Calgary

Wildrose Party calls for flood compensation cap

Alberta's opposition Wildrose Party is proposing a series of recommendations for the Redford government to follow as the province rebuilds after last month's flooding.

Alberta opposition wants government to limit payouts to owners of multimillion-dollar homes

Wildrose Party Leader Danielle Smith and MLA Rob Anderson announce proposals for Alberta's flood recovery efforts in Calgary on Thursday. (CBC)

Alberta’s opposition Wildrose Party is proposing a series of recommendations for the Redford government as the province rebuilds after last month’s flooding.

Making the announcement in Calgary on Thursday, MLA Rob Anderson said his party believes homeowners in the floodway should only get government compensation if they agree to move elsewhere.

"Just to be clear, if they are in dangerous areas that cannot be properly mitigated, in order to get money for rebuilding, they are going to have to move," he said.

"How many homes?

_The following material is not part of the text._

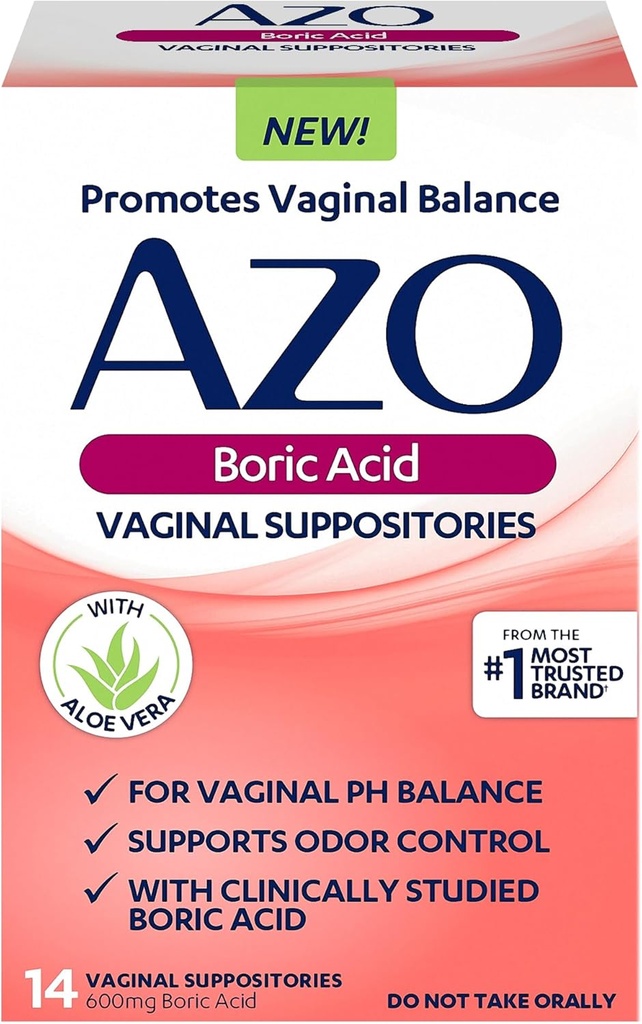 AZO Borsäure Suppositorien für Frauen, unterstützt Odor Control und Balance Vaginal PH mit klinisch untersucht Borsäure, Non-GMO, 30 Zähler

There won't be that many, it will be dozens for sure, but we're not talking hundreds or thousands here."  

The Wildrose is also proposing a cap be put on compensation, so owners of multimillion-dollar homes only receive assistance for the cost of a normal home.

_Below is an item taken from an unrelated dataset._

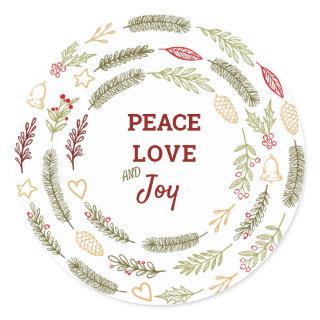 Peace Love Joy Simple Rustic Christmas Foliage Classic Round Sticker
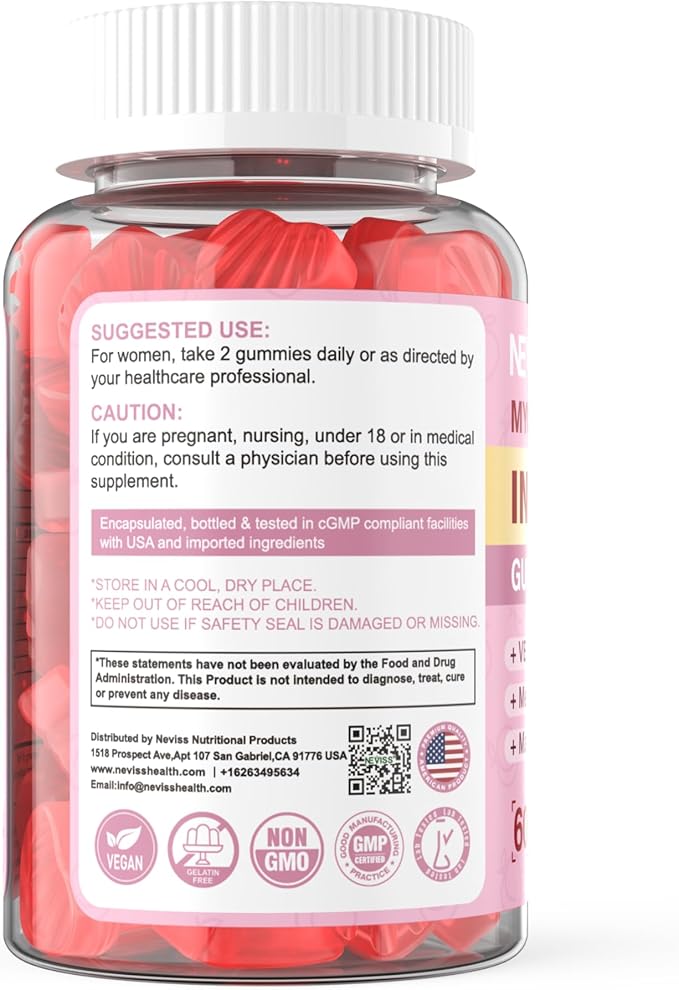 Myo-Inositol &amp D-Chiro Inositol Gummies for Women 2000mg + 50mg 40:1 Ratio Inositol with Vegan Omega-3 + D3 Magnesium Glycinate Methyl Folate + B12 for Female Health &amp Wellness Sugar Free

No costing figures were provided for any of the proposals.

Wildrose Party Leader Danielle Smith was critical of the Redford government’s handling of the flood zone maps

"It’s not good enough to use outdated floodplain maps to determine compensation as homeowners are still recovering and to cause tremendous confusion as to whether they will be compensated," she said.

The government also missed opportunities to take steps after the 2005 floods to lessen the impact of the next flooding event, Anderson said.

"They knew that these flood dangers existed, from various reports … they hid the 2006 report from the public for eight years before releasing it just a few months prior to the actual flood," he said.

Smith said major mitigation efforts — such as a massive spillway in southern Alberta — should be undertaken.  

"You're better off creating a channeling system and a spillway system and a reservoir system that puts the water in places that will cause the least harm," she said.